Er selbst, Wilkerson, will nicht Atticus Finch / Gregory Peck sein, er will nicht den white savior spielen, der den unterdrückten Schwarzen in einer vermeintlich selbstlosen Geste zu ihrem Recht verhilft. Stattdessen will er seinen Film als Teil einer schwarzen Protestbewegung verstanden wissen, genauer gesagt: als eine erinnerungspolitische Erweiterung der black lives matter-Bewegung, die am Ende (das hat in Locarno nicht geklappt und kann wohl sowieso, wenn überhaupt, nur in den USA klappen) direkt in den Kinosaal überspringen soll, in Gestalt eines Wechselgesangs.

Da er, Wilkerson, aber nun einmal weiß ist (und seinem rassistischen Uropa angeblich sogar ziemlich ähnlich sieht), erkennt er in Atticus Finch auch ein Spiegelbild, das er nie ganz loswerden kann. Das scheint eine zentrale Triebfeder des Films zu sein: Gerade weil Wilkerson gar nicht anders kann, als sich mit Atticus Finch zu identifizieren, will er diesen eigenen inneren Atticus Finch mit umso heftigeren Gesten exorzieren. Was sich unter anderem darin äußert, dass er den Found-Footage-Gregory-Peck so hässlich und ungesund wie nur irgendwie möglich aussehen lässt.

Teil II

Days of Glory

© RKO

 

Es mag damit zusammenhängen, dass ich den Film in der Spätvorstellung gesehen habe, nach einem langen Kinotag, in einem gleichzeitig hypersensitiven und ermatteten Zustand (den Bildern auf der Leinwand noch etwas hilfloser ausgesetzt als sonst); aber das wird nicht der einzige Grund dafür sein, dass mich Jacques Tourneurs Days of Glory verzückt hat wie lange nichts mehr im Kino. Der Film selbst wird schon auch eine Rolle gespielt haben.

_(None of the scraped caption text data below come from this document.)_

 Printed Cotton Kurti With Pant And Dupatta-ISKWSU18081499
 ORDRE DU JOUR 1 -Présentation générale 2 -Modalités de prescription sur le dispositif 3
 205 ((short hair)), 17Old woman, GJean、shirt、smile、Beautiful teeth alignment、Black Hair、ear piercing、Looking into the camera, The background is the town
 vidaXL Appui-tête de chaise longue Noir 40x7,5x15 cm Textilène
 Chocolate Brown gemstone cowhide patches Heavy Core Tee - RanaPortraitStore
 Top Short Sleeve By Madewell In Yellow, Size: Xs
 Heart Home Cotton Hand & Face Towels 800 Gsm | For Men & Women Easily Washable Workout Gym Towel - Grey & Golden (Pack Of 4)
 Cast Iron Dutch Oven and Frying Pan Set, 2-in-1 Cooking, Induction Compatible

Man müsste Forschungen anstellen zur Geschichte der Nichtrezeption von Jacques Tourneurs einzigem langem Kriegsfilm. Days of Glory scheint selbst unter knallharten Auteuristen noch nicht einmal ein echter Geheimtipp zu sein. In der Publikation zur Retrospektive bespricht ihn Pierre Gabaston wie einen Film von einem anderen Stern. Der Text ist etwas anstrengend («His pulse on the screen, his radiography is still generating forms. I have the zeal of a fresh convert. I am discovering Days of Glory; becoming its partisan in front of you»), aber die Geste kann ich verstehen. Ich bilde mir ein, ein-, zweimal über den Film gelesen zu haben, es dürfte da stets darum gegangen sein, dass Days of Glory zu den wenigen amerikanischen Spielfilmen aus der Zeit des Zweiten Weltkriegs zählt, die ausschließlich russische Helden haben. Eine Oberflächenobskurität, die den eigentlichen Wahnwitz des Films noch nicht einmal berührt. 

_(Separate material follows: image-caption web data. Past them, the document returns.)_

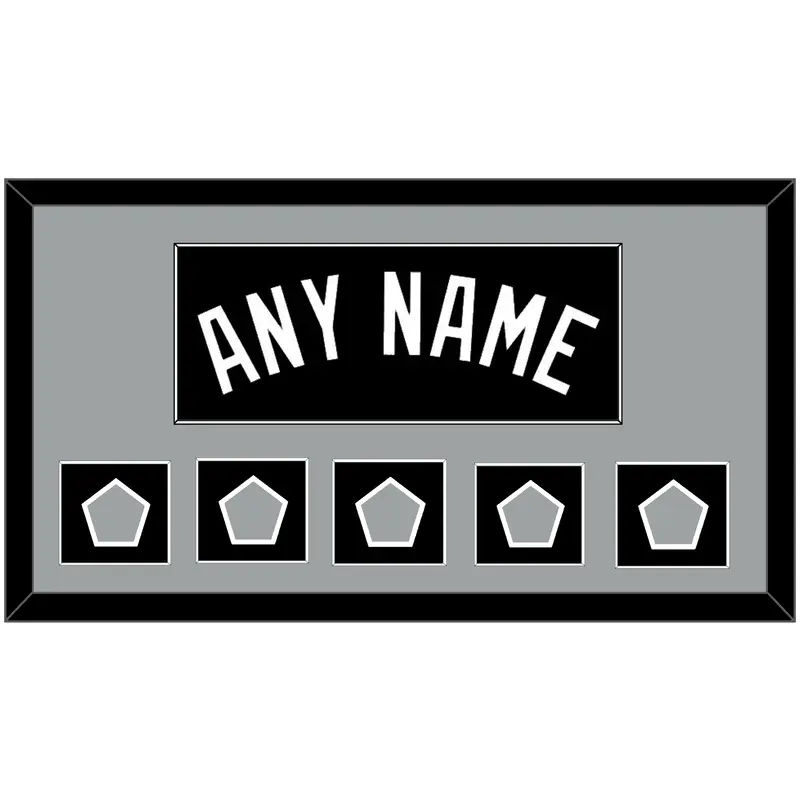 San Antonio Name With 5 Champions Trophy Patches - Road Black (1989-2002) - Single Mat 2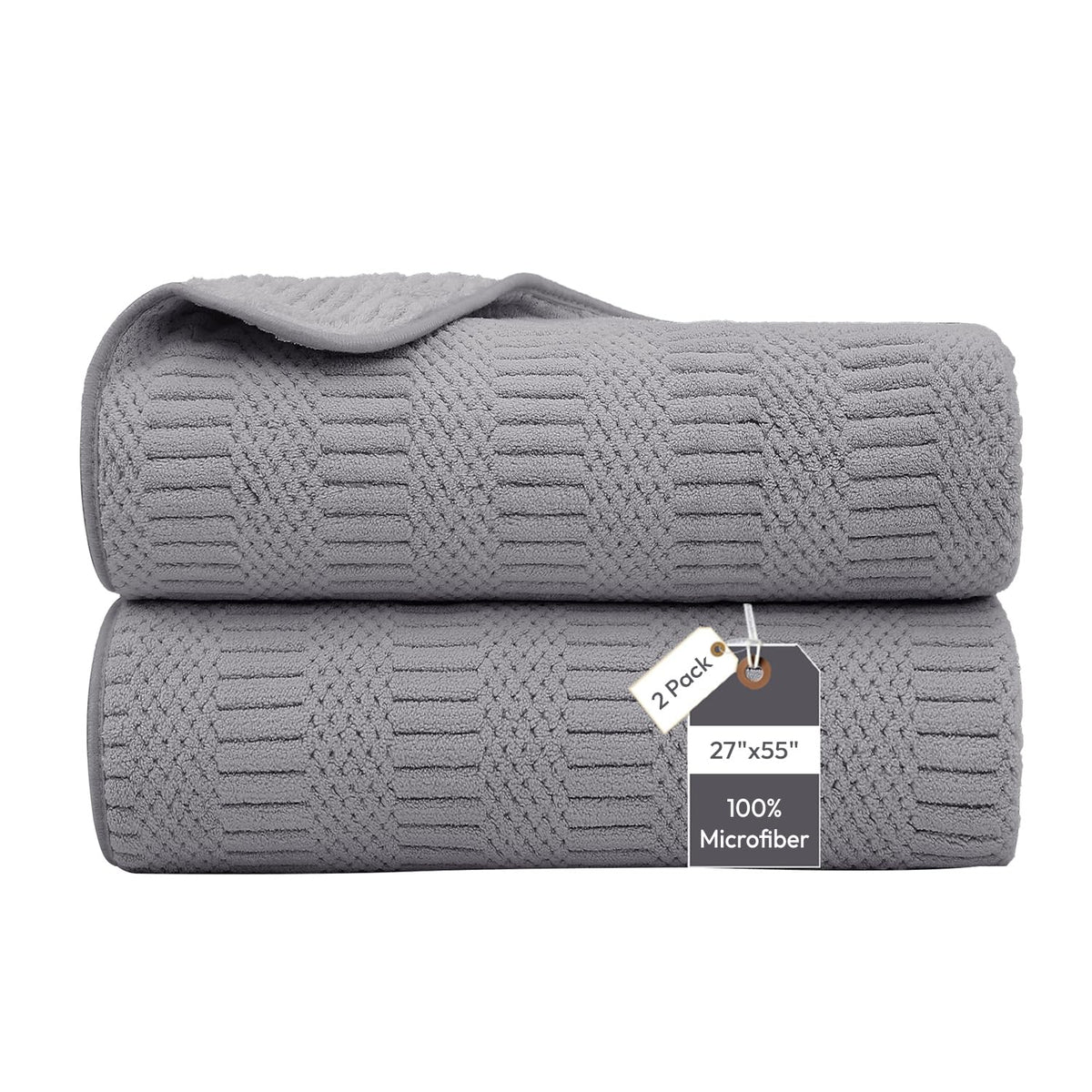 JML Microfiber Bath Towel with Hanging Loop, 2 Pack, 30" x 60", Grey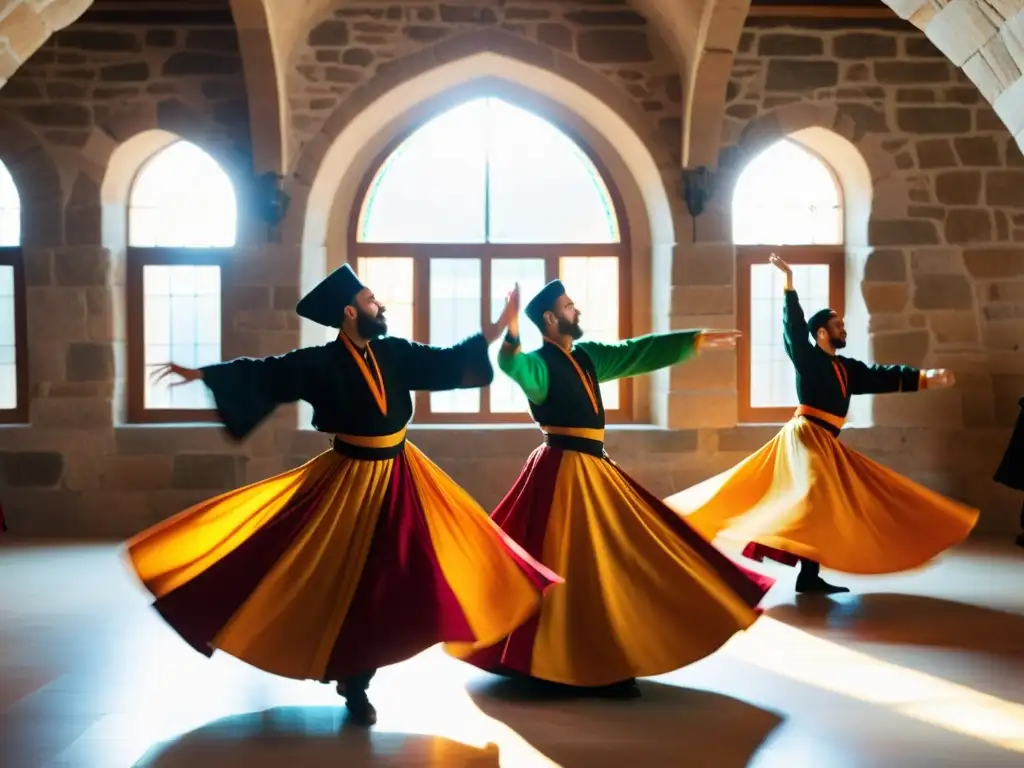 Festival Sufi danza Konya significado: Sufis en trance danzan en el Museo Mevlana, con túnicas vibrantes y luz dorada, capturando la esencia sagrada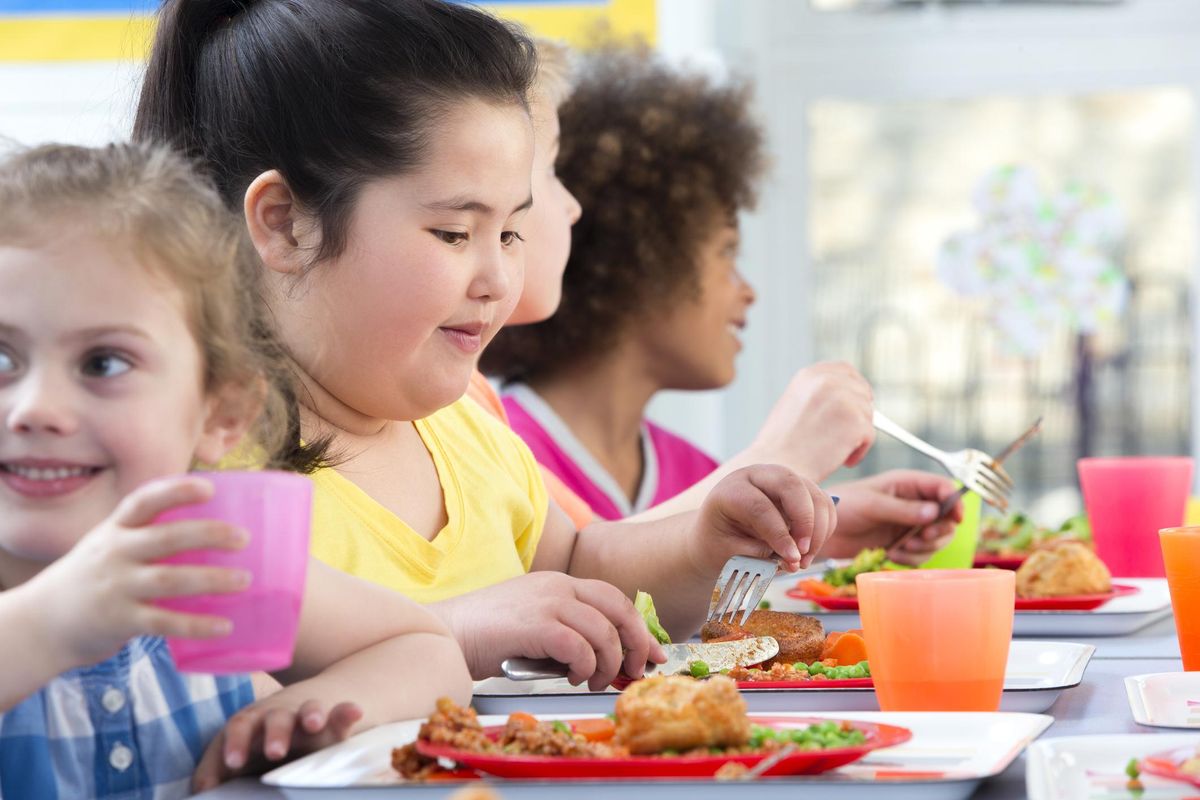 Children Eating at School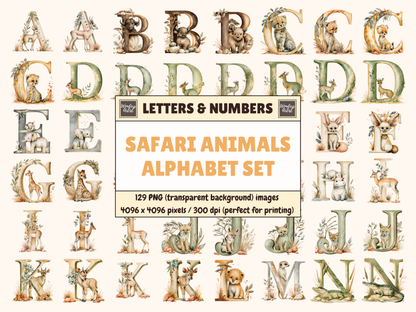 Safari Animals Alphabet & Numbers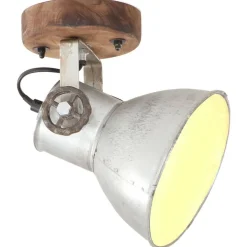 vidaXL Wand-/plafondlampen industrieel 2 st E27 20x25 cm zilverkleurig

Es geht um eine Guerilla-Einheit der Roten Armee, die hinter der Front operiert und unterirdisch stationiert ist; in einem Bunker, der einmal ein Kloster war, wenn ich das richtig verstanden habe. Offensichtlich sind alle Räume des Films, die unter- wie die oberirdischen, zuerst Kinoräume. Die Sets haben dieselbe minimalistische Artifizialität wie in den berühmten Val-Lewton-Horrorfilmen, die Tourneur unmittelbar davor gedreht hatte. Eine klaustrophobische Welt, aber auf eine wattierte Art. Terror ruft sie nicht deshalb hervor, weil sie zu eng ist, weil man beim Versuch, sie zu beherrschen, auf materielle, unüberwindbare Grenzen stößt; eher hat die gesamte Welt etwas von einem Provisorium, von einer Skizze, die nur vorübergehend begehbar ist. Weil man nie genau sagen kann, wie weit man seinen Schritten trauen darf, wählt man automatisch einen bedachten, leicht sedierten Bewegungsmodus. 

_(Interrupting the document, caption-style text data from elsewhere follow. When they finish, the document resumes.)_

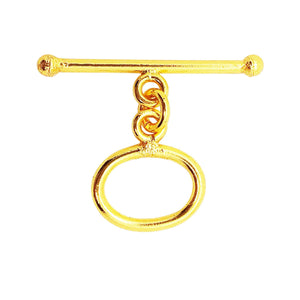 18K Gold Overlay Oval Toggle Clasp with polished golden finish, handcrafted in India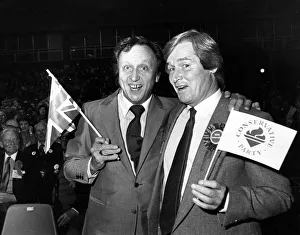 Ken Dodd and William Roache at a Conservative party rally. 6th June 1987 Ken Dodd and William Roache at a Conservative party rally. 6th June 1987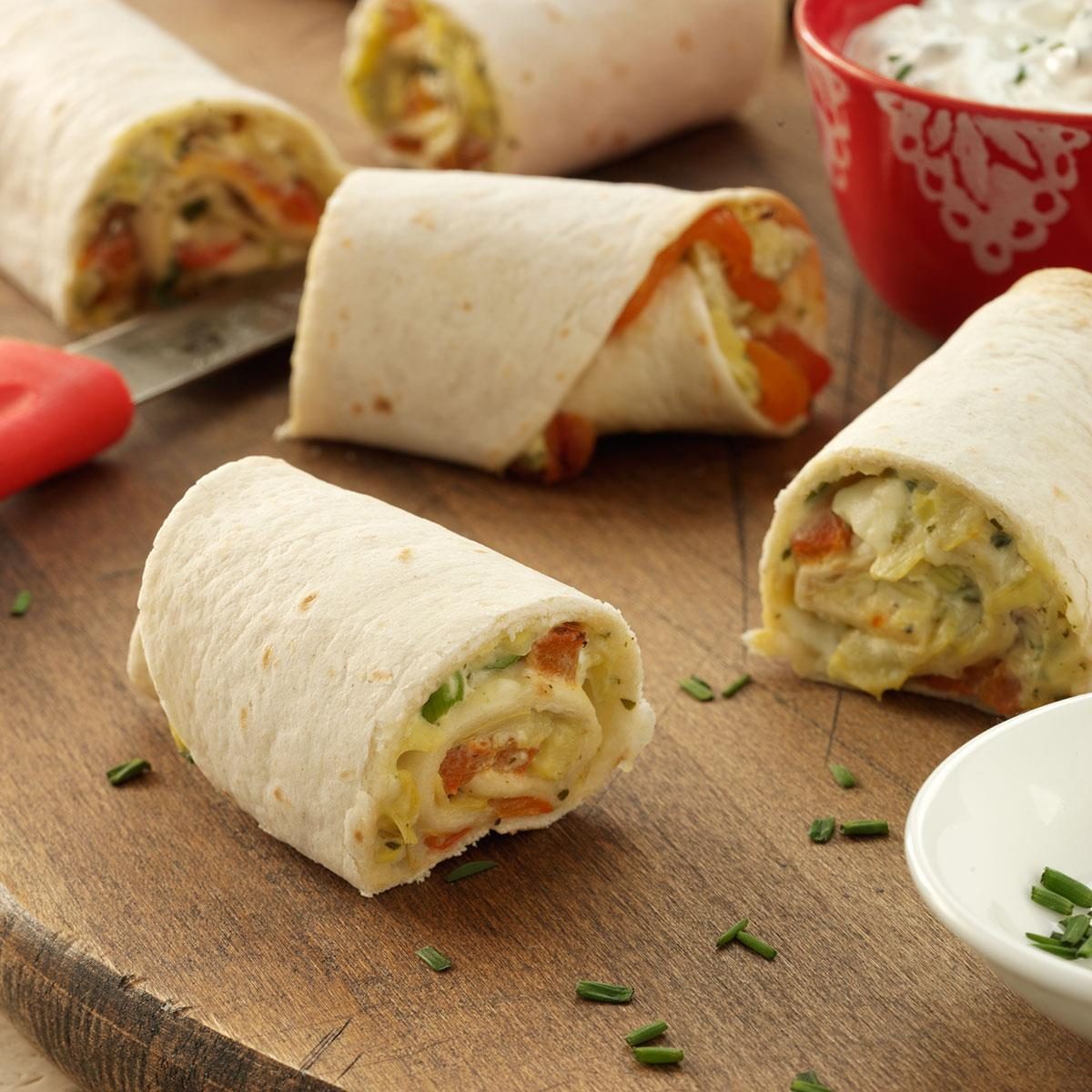 Mediterranean Artichoke and Red Pepper Roll-Ups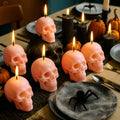 Nuanchu Halloween Skull Candles 6 Pack Large Pink Pastel Gothic Decor by Deal US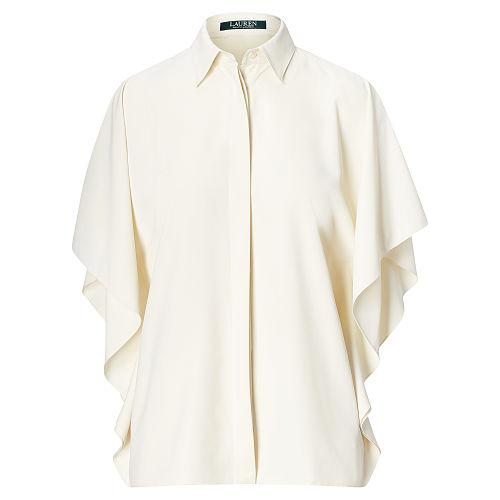 Ralph Lauren Lauren Draped Button-down Blouse Herbal Milk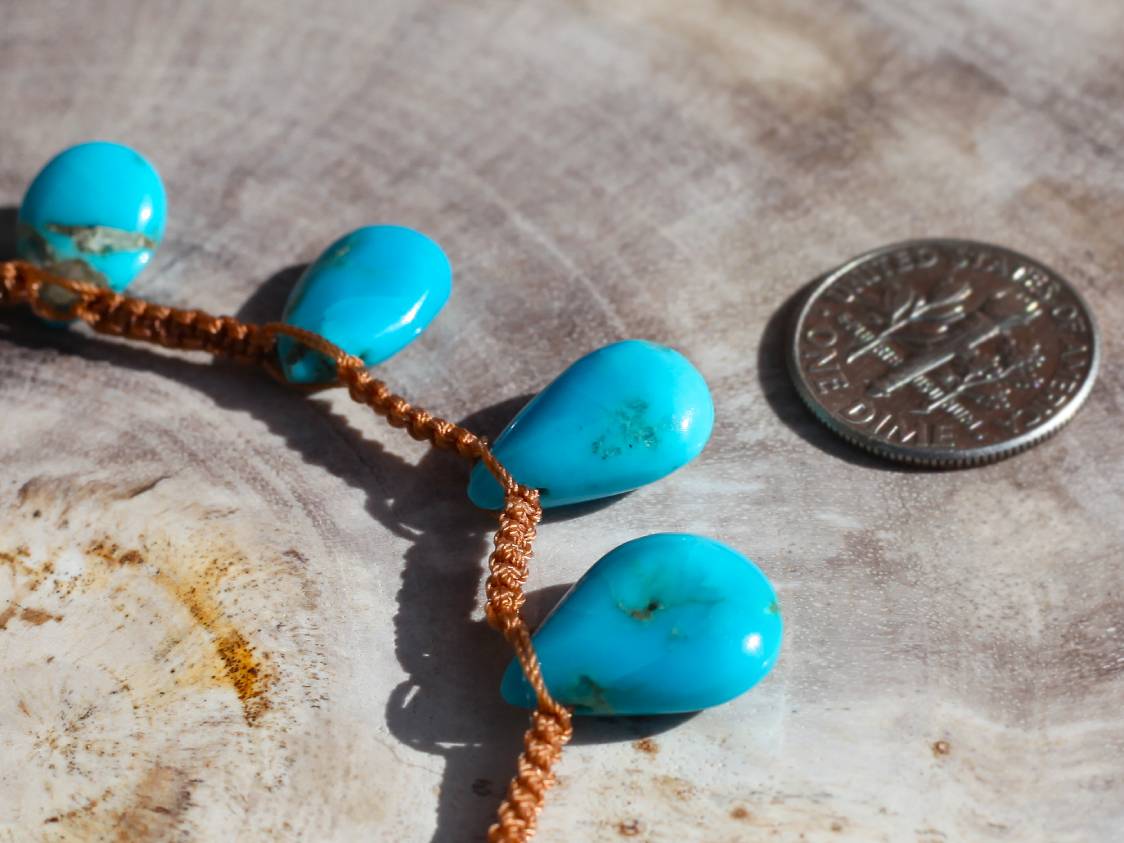 Lena Skadegard Jewels | Turquoise Teardrop Macrame Necklace | Firecracker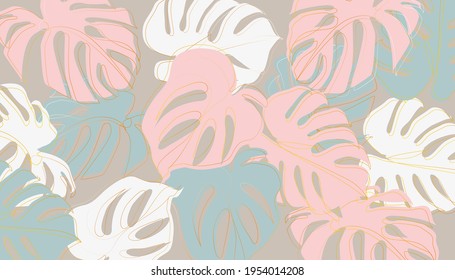 Tropisches Naturblattmuster mit goldener Form. Geometrisches Blumendesign. Organische minimale Trend-Grafik hinterlässt Plakate. Kann auf Bannern, Flyern oder Web verwendet werden. Vektorgrafik.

Die gesamte erste Stunde besteht aus Stillstellungen, Verzögerungen und poetischen Abschweifungen (die sowjetischen Streitkräfte scheinen mindestens zur Hälfte aus verkannten Dichtern zu bestehen), und wenn am Ende der Krieg doch noch selbst ins Bild tritt, dann wird der Film erst richtig verrückt. Ein Flugzeug wird nicht vom Himmel geschossen, sondern ausradiert, wie in einem Comic; und den aberwitzigen, erotisch aufgeladenen Endkampf der Partisanen gegen einen Ansturm deutscher Panzer beschreibt Gabaston dann doch sehr treffend als «[a] warrior’s orgasm held in until it carries them away». 

«When I say retreat I mean attack», meint der Kommandant (Gregory Peck) vor dieser orgasmischen Entscheidungsschlacht. Im Kontext des Films ist das ein sinnvoller Satz. Verrrückt ist der Film, auch da auf einer Linie mit den Lewton-Horrorfilmen, gerade darin, wie er Exzentrik und Rationalismus ineinander verschränkt. Am deutlichsten wird das an der exzentrischsten Figur: Nina (Tamara Touanova) ist eine landesweit bekannte Ballerina, die es aufgrund einer eher minderplausiblen Drehbuchwendung in den Unterschlupf der Soldaten verschlagen hat. Tourneur gibt sich nicht die geringste Mühe, den absurden Ploteinfall zu naturalisieren. Ganz im Gegenteil interessiert ihn gerade das Groteske, Unangemessene an der Figur. Wenn der Krieg auch aus diesem statuesk-somnambulen Wesen eine Soldatin formt, dann nicht, indem er sie zähmt und erdet, sondern indem er ihre erotische Energie kanalisiert, zur Waffe werden lässt.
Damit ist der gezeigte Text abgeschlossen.